Problem to work on: Output the whole listing again, exactly as it reads.

Information shown:
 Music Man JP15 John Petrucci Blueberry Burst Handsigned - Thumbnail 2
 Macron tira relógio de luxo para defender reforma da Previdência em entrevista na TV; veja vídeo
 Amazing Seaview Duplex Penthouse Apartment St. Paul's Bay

Your solution:
 Music Man JP15 John Petrucci Blueberry Burst Handsigned - Thumbnail 2
 Macron tira relógio de luxo para defender reforma da Previdência em entrevista na TV; veja vídeo
 Amazing Seaview Duplex Penthouse Apartment St. Paul's Bay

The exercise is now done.